### INFORMATION SUPPLIED
%%

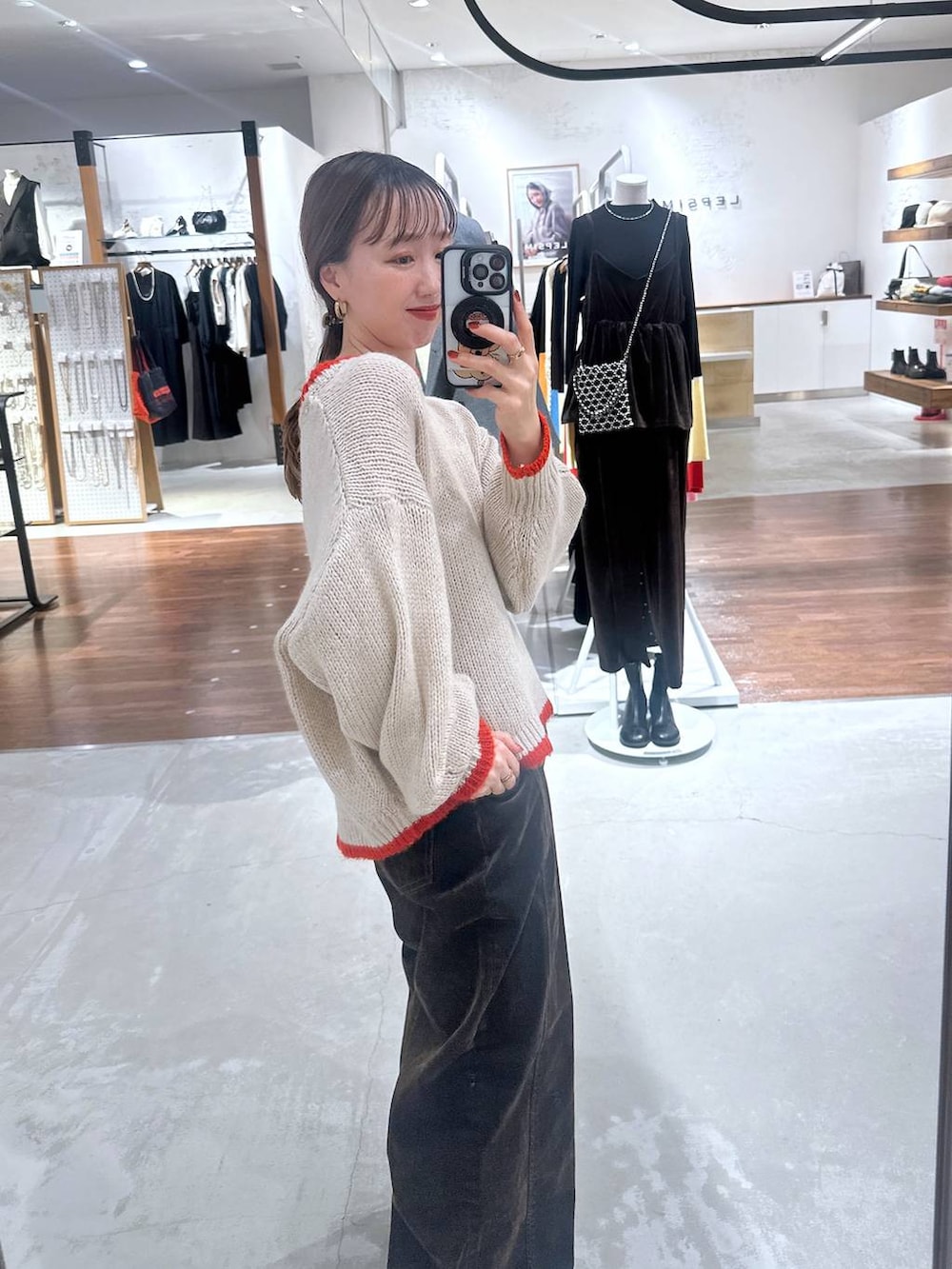 ブラウン系のデニムパンツ、ベージュ系のニット/セーターを着用したレディースの冬コーディネートの3枚目の写真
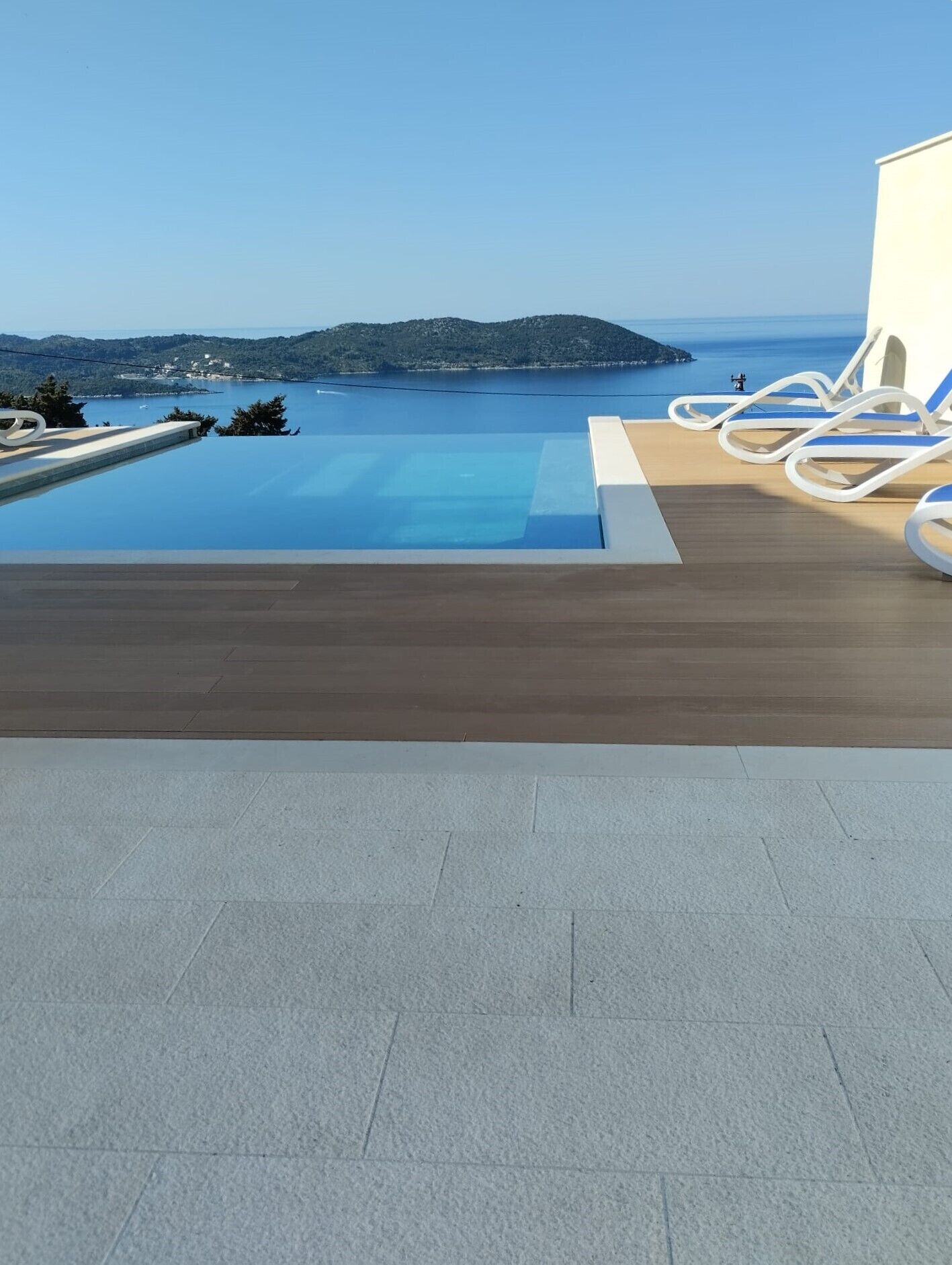 A rooftop infinity pool with a view of a distant island and sea.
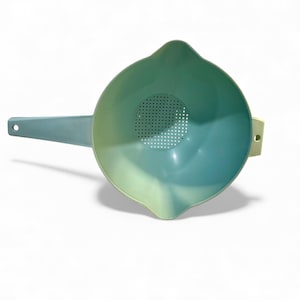 May include: A two-tone, teal and light green plastic colander with a handle and a pouring spout. The colander has a perforated bottom for draining liquids and a small handle on the side. The handle is a light teal color.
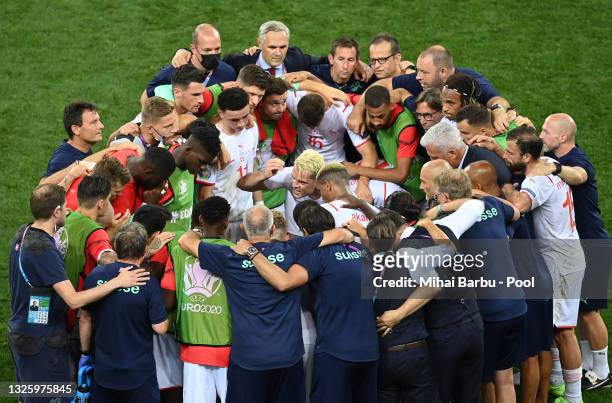 Granit Xhaka of Switzerland encourages the team before the penalty shoot out in the UEFA Euro 2020 Championship Round of 16 match between France and...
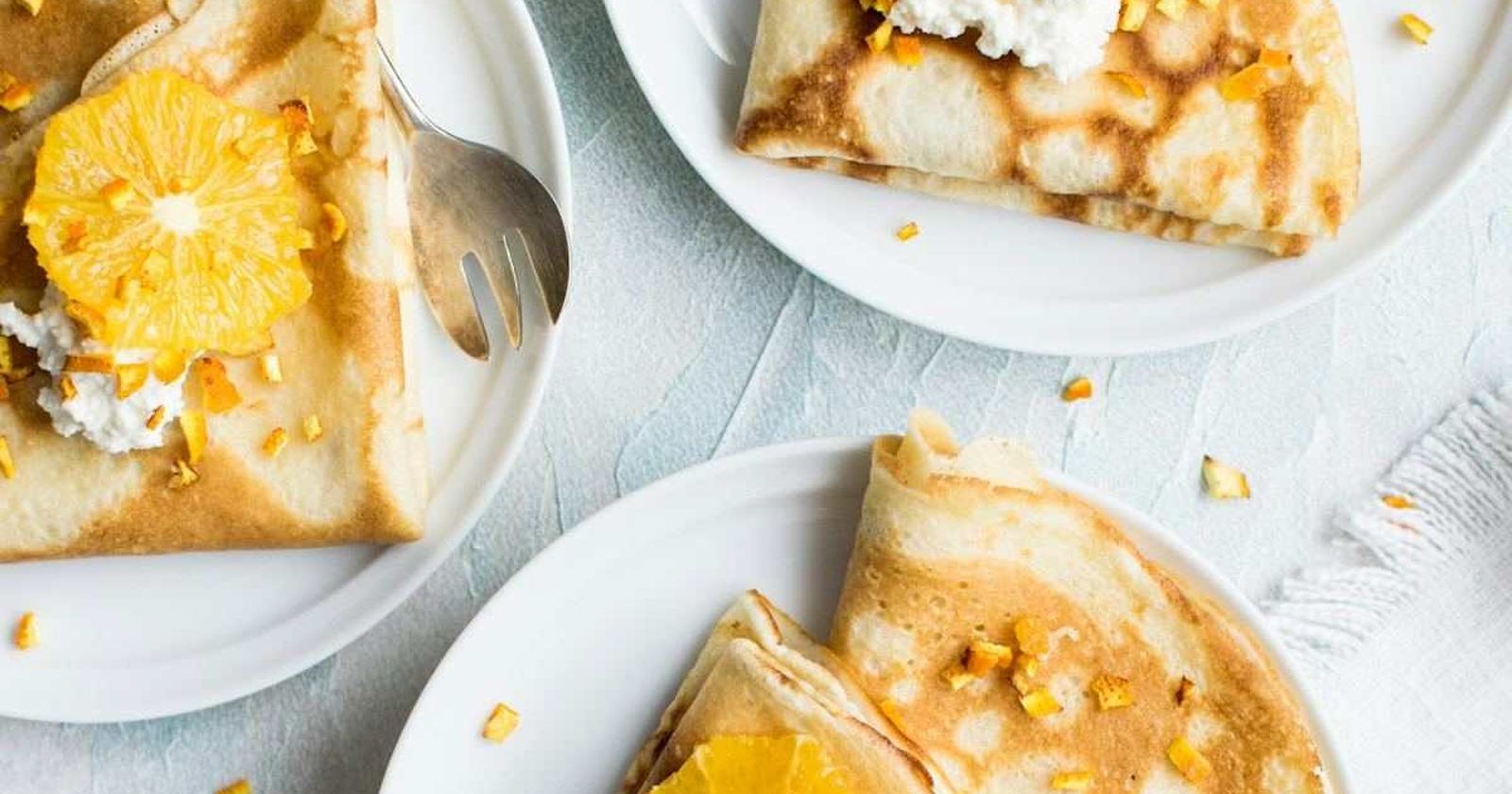 A brunch table photographed from above with crepes, fruit and coffee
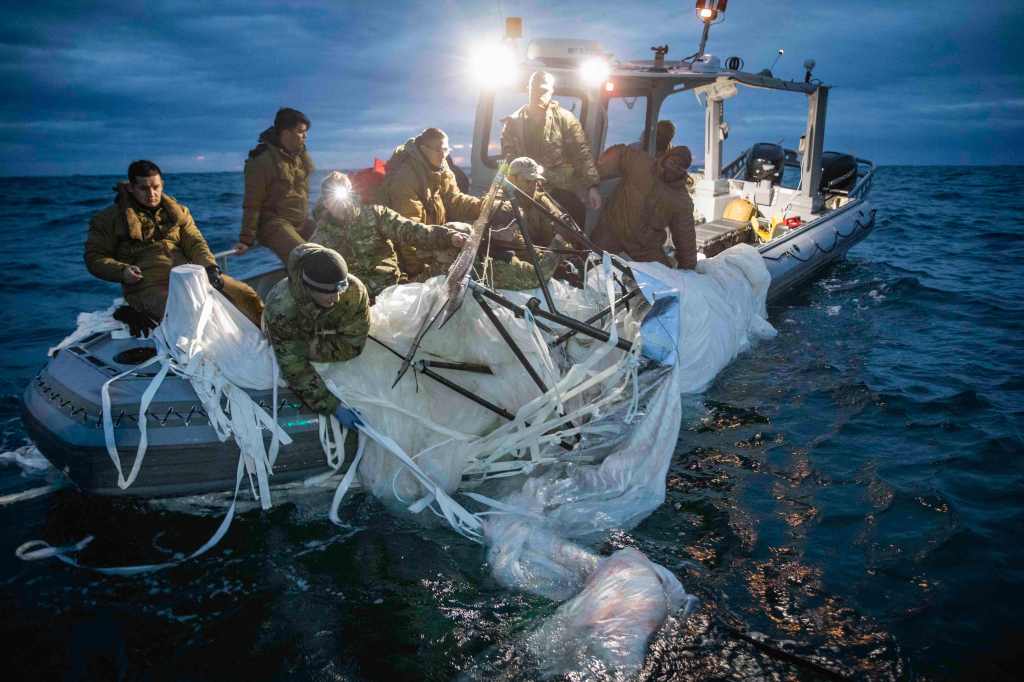 Sailors assigned to Explosive Ordnance Disposal Group 2 recover a high-altitude surveillance balloon off the coast of Myrtle Beach, South Carolina, in the Atlantic Ocean on Feb. 5, 2023.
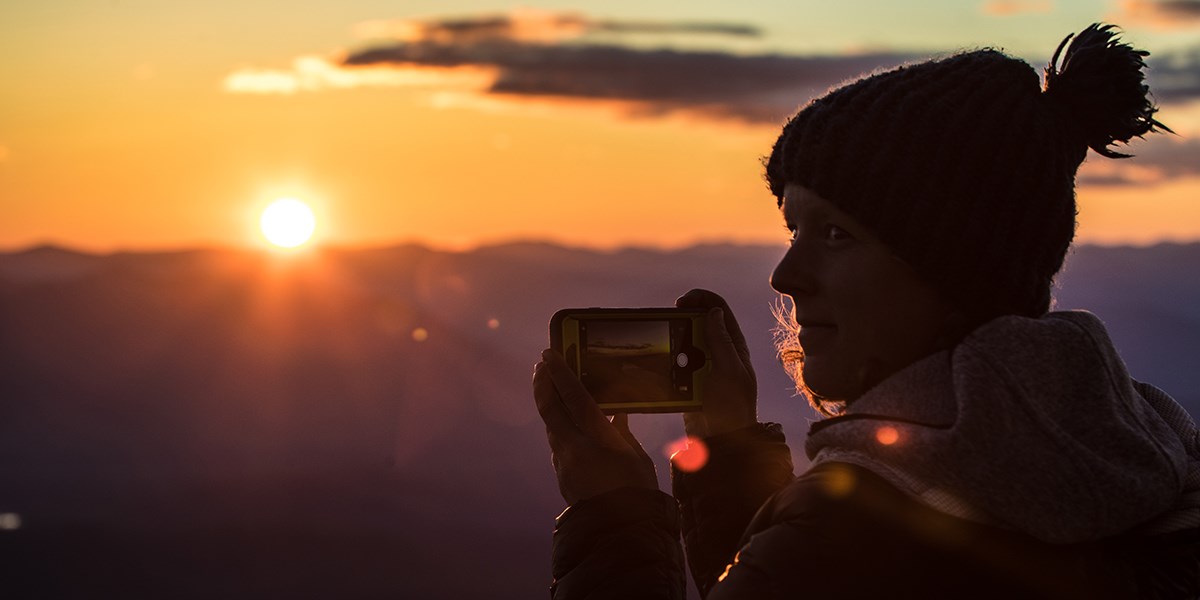 A hiker pauses to take a photo of a spectacular sunset to share online.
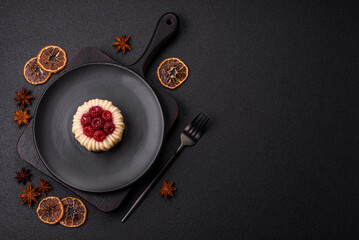Sweet mousse tart with raspberries and filling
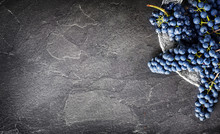 FInest Home Bunch Of Grapes On Dark Stone Table On Silver Plate Top View. Fresh Grape On Black Background, Wide Banner Or Panorama For Copy Space.
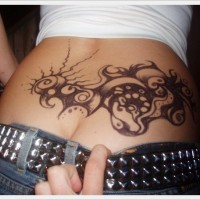 Original abstract patterns tattoo on lower back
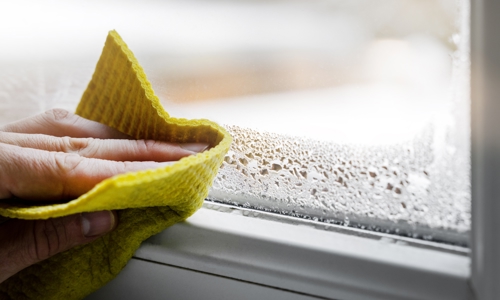 Hand wiping condensation from a window with a yellow cloth on a cold day.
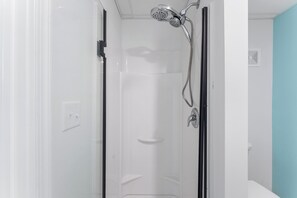 Een douche, handdoeken, zeep, toiletpapier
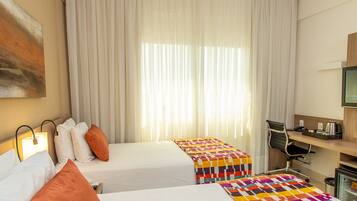 A hotel room with two beds, a desk, a chair, and a television.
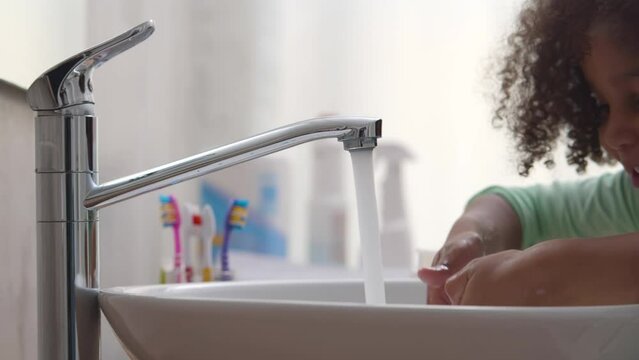 African-American child washes hands with soap. Realtime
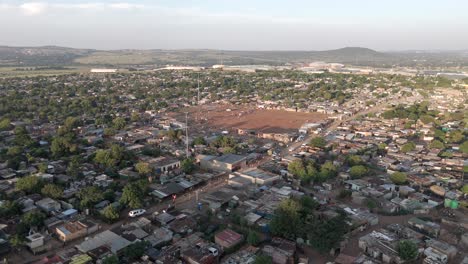 Stunning-4K-aerial-footage,-a-push-in-and-tilt-downward-drone-shot-gracefully-unveils-the-scenic-beauty-of-a-rural-township-in-South-Africa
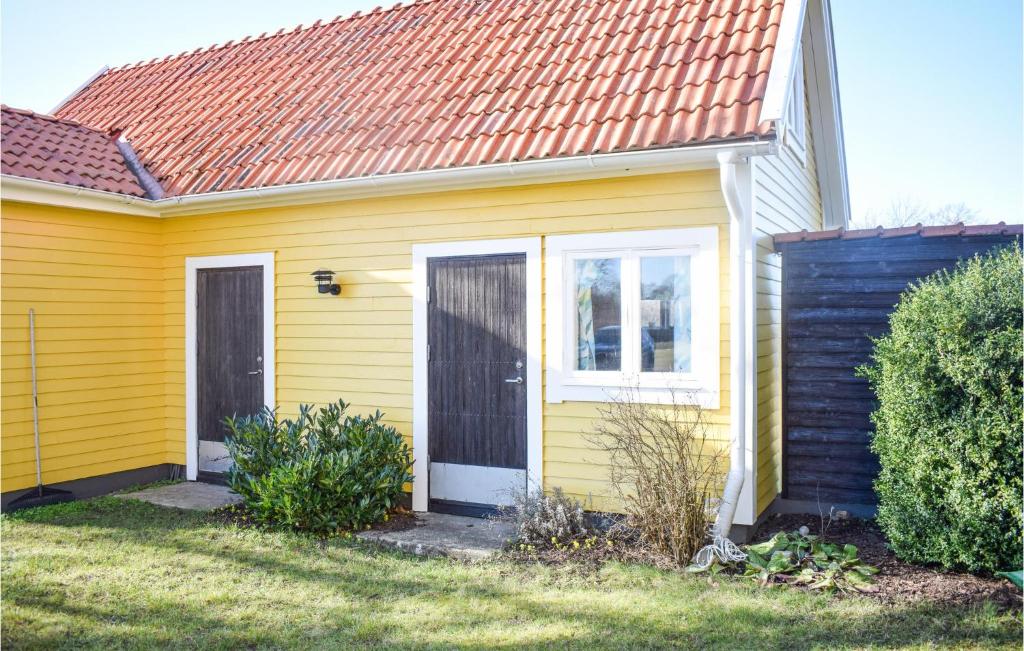 费尔耶斯塔登Beautiful Home In Frjestaden With Kitchen的黄色的房屋,有红色的屋顶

%%

### TASK STATEMENT
An exact transcription is needed of the lines from the one with "A hiker pauses" to the one with "Een douche, handdoeken, zeep, toiletpapier" above, both ends included, with pictures left out.

### SOLUTION FOR THIS TASK
 A hiker pauses to take a photo of a spectacular sunset to share online.
Sweet mousse tart with raspberries and filling
 FInest Home Bunch Of Grapes On Dark Stone Table On Silver Plate Top View. Fresh Grape On Black Background, Wide Banner Or Panorama For Copy Space.
 Original abstract patterns tattoo on lower back
 Hand wiping condensation from a window with a yellow cloth on a cold day.
 Een douche, handdoeken, zeep, toiletpapier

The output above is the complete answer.